Snow Patrol — "Called Out In The Dark"
They came into mainstream prominence as the Scottish answer to Coldplay, so skeptics might be quick to call foul on the disco-fused lead single from Snow Patrol's forthcoming sixth album — as if they were riding trends or something. But if Gary Lightbody proves anything on "Called Out In The Dark," it's that he knows a little something about club music: Years before Snow Patrol, Lightbody was a house music DJ and even wrote a song for UK house stalwarts Freeform Five. The authenticity — and playfulness — on his band's latest single shows.
Chromeo — "When The Night Falls" (feat. Solange Knowles)
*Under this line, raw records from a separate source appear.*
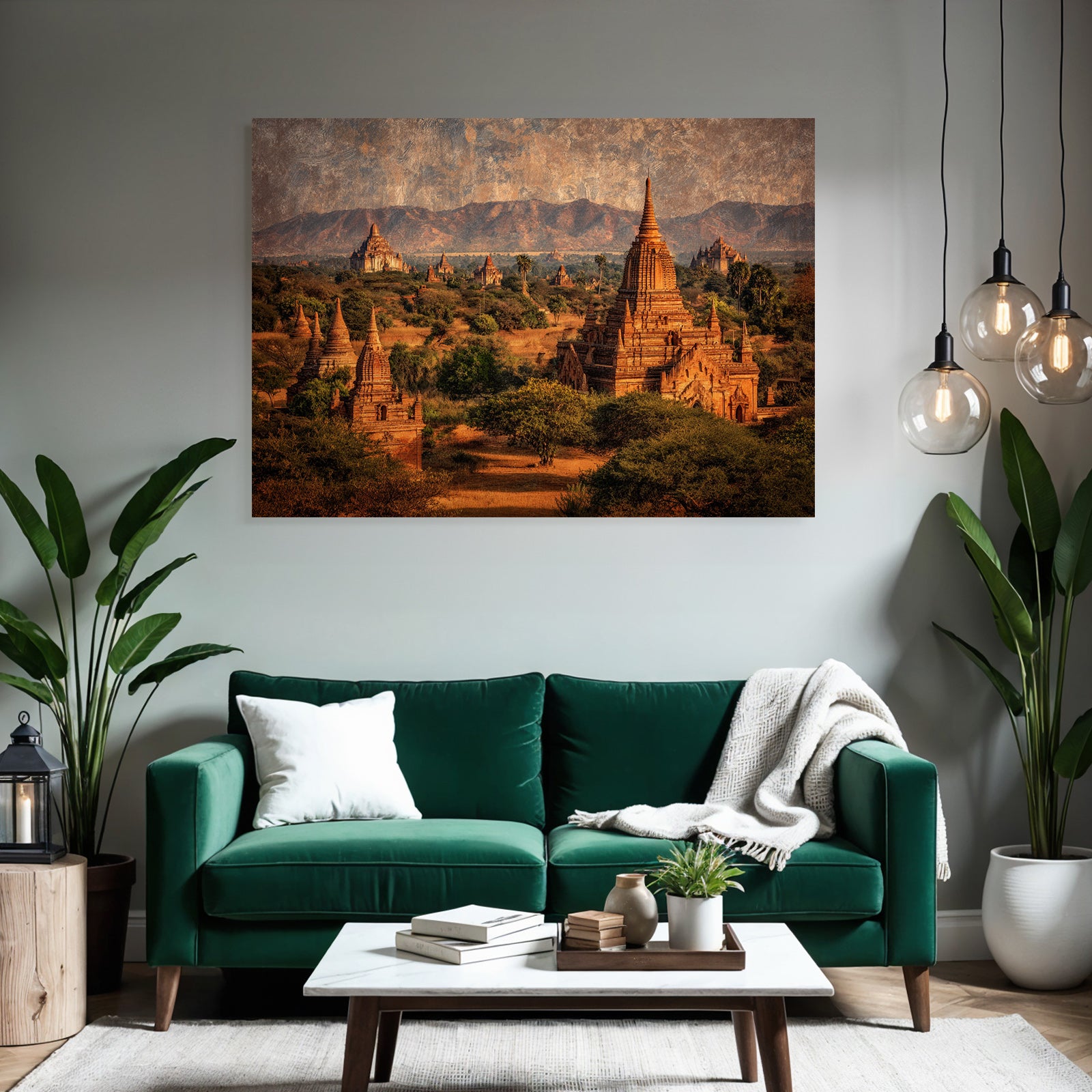 Alter Tempel In Bagan Bei Sonnenuntergang Mit Bergen Im Hintergrund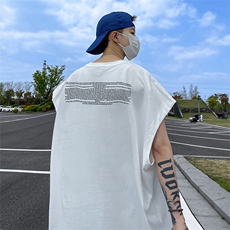 白色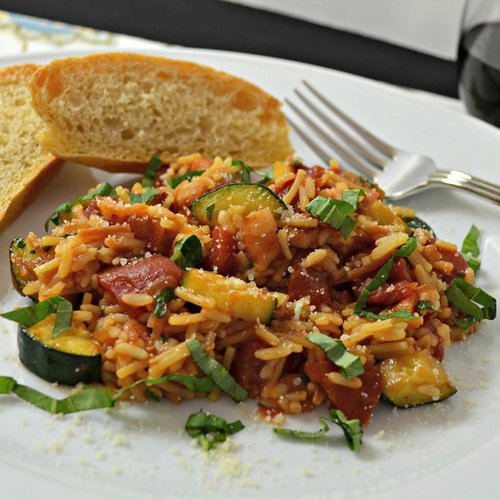 Tomaten-Basilikum-Reis mit Pancetta ernten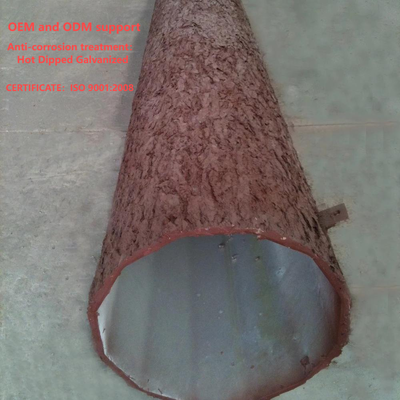 Tour de communication de camouflage de palmier bionique de style tropical de 15 à 45 m pour la couverture du signal des stations côtières Noyau en acier galvanisé de 30 ans et feuilles résistantes aux UV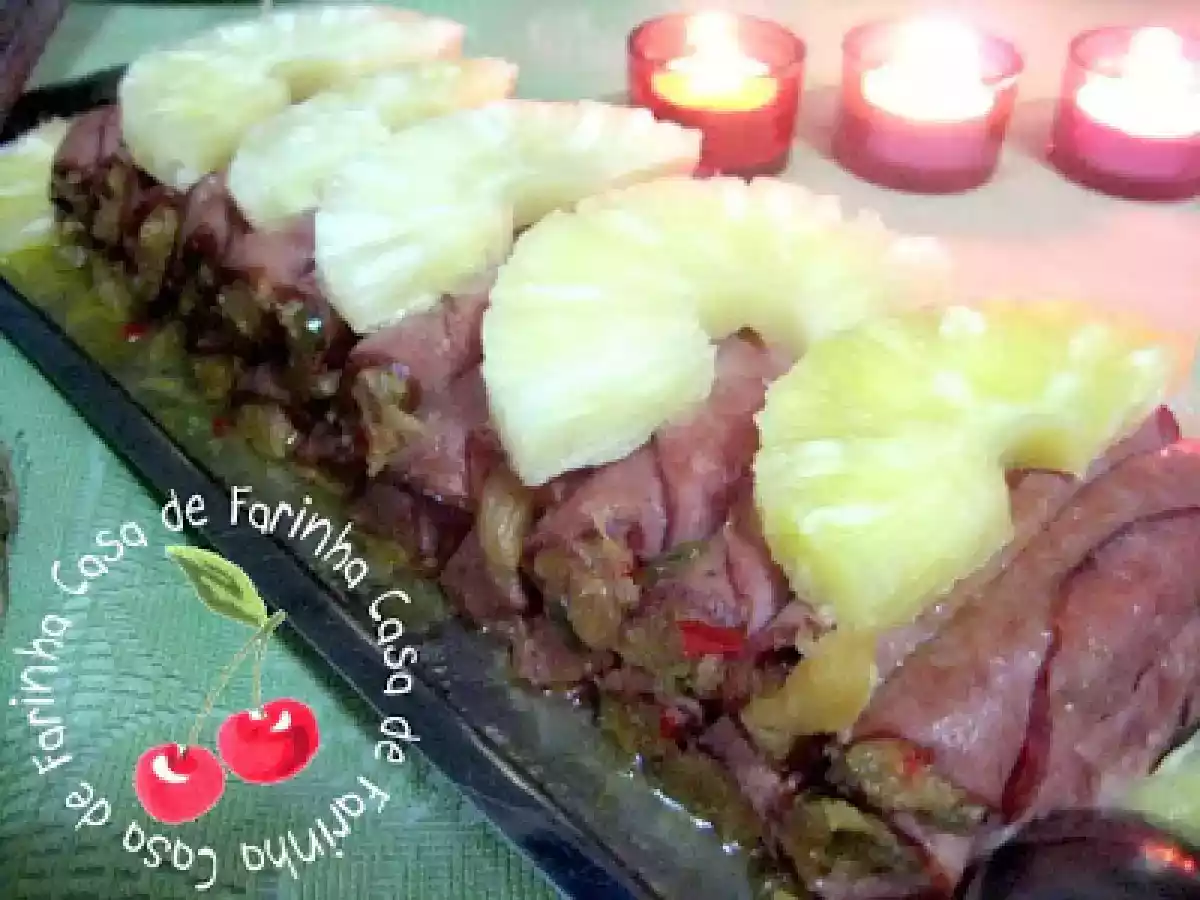 Enroladinho de Tender Com Chutney de Abacaxi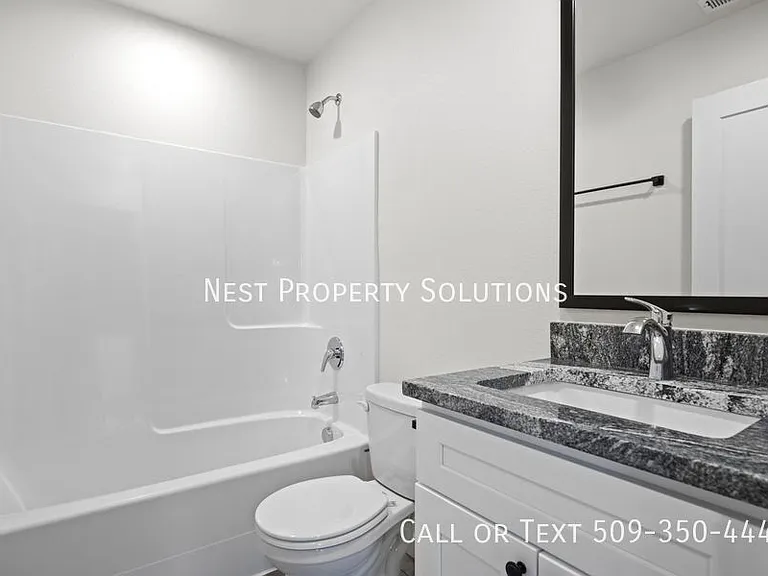 215 S 1st St #4 — Photo 13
Fresh from her collaboration with Rewards for the DFA label, Beyoncé's little sister moves further down the indie-dance rabbithole with a cameo on the latest single by French Canadian electro-funk duo Chromeo. "When The Night Falls" is the fourth single from Business Casual, but the first to feature a street gang of angry pregnant women.
Matt & Kim, Andrew WK & Soulja Boy — "I'm A Goner"
This week's unlikely collaboration: Brooklyn's cutest power pop duo Matt & Kim team up with the frequently bloody Andrew WK and Atlanta rap prodigy-cum-whipping post Soulja Boy for "I'm A Goner." The surprisingly successful song is available as a free download now, and its video reestablishes Matt & Kim's lock on feel-good filmmaking — even if everyone in the clip is technically dead. It's like "Thriller" for hipsters.